Not Too Far From Production
Mini may have applied the concept label to this two-door Countryman, but the Paceman is clearly designed to enter production. Its visual distinctions are minor and none of them are drastic enough to make changes for production very difficult.
Note that the entire front fascia is carried over from the Countryman. That wide smile framed by the big headlights is there, along with foglights at each corner and an intake between them. There's a slightly different three-bar grille on the Paceman, but that's an easy enough change.
That gold slash that juts down from the A-pillar is nothing more than a splash of paint designed to draw your eye to the unique set of 19-inch wheels. Probably safe to assume that they're not production pieces, although the Countryman offers optional 18-inch sport wheels, so these aren't that far from production specs.
If there's one visual cue that gives the Mini Paceman a unique look, it's the blacked-out C-pillars combined with the contrasting white roof. Mini calls it a "helmet" roof and it's been used on numerous concepts over the years to great effect. Whether it makes it to production is unclear, but it would surely make for a better-looking profile than the Countryman's cluttered lines.
Plenty of Room if You Can Get in
As you might expect, the Paceman carries over much of the Countryman's design to the cabin. It has the same flow-through center rail that extends all the way to the rear seats, along with a centrally located speedometer and large circular side vents.

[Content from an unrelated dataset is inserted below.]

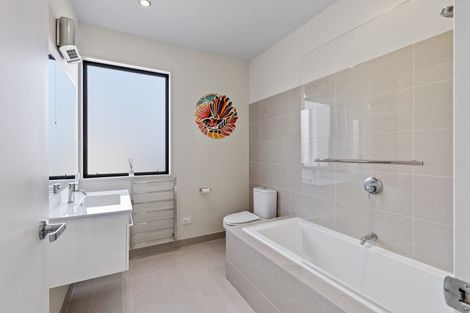 Photo of property in 16 Harrys Close, Arthurs Point, Queenstown, 9371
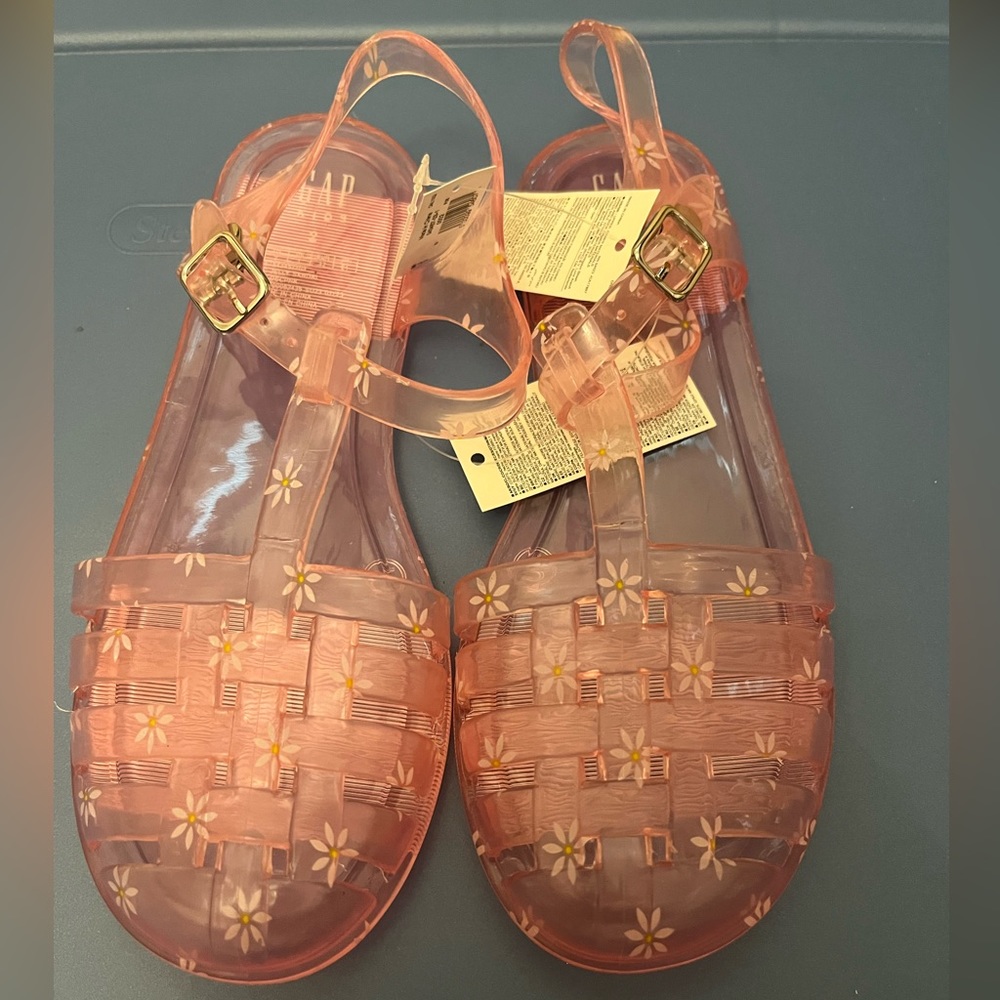NWT GapKids size 2 jelly sandals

Mini notes that the door panels were tailored specifically for the Paceman to emphasize the length of the doors. As far as we can tell, they look very much like the Countryman's setup except for the slightly slimmer ellipses.
Since the Paceman has the same overall length as the Countryman, we can only assume that the wheelbase is unchanged as well. This should make for decent-size rear seats, provided you can squeeze into them.
As expected, Mini went ahead and shoved its most powerful engine into the Paceman concept. Why not, eh?
In this case, that would be the 1.6-liter turbocharged unit found in the John Cooper Works models. It generates 211 horsepower and as much as 207 pound-feet of torque, not bad for a little coupe. And what do you know, the Mini Paceman also includes the same all-wheel-drive system as the Countryman. That means it's more or less front-wheel drive until the wheels begin to slip and the center differential redirects some of the power to the rear.
Mini claims that the Paceman gets its own unique chassis setup. It doesn't exactly say what changes were made, but assume that the MacPherson struts and multilink rear end received an appropriate level of retuning.
Is This the Next Mini?
If Vegas took odds on such things, we would put all of our money on "yes," or whatever the affirmative is in books these days. The Mini Paceman is a set of wheels and a paint job away from the showroom in our estimation. Expect to see a wider range of engines, too, of course, along with a few Paceman-only options to make it just a little bit different from the Countryman.
Oh, and hopefully, they'll go with a name change, too. As Sean Penn learned in the late '80s cop flick Colors, no one wants to drive around in a Pac-Man.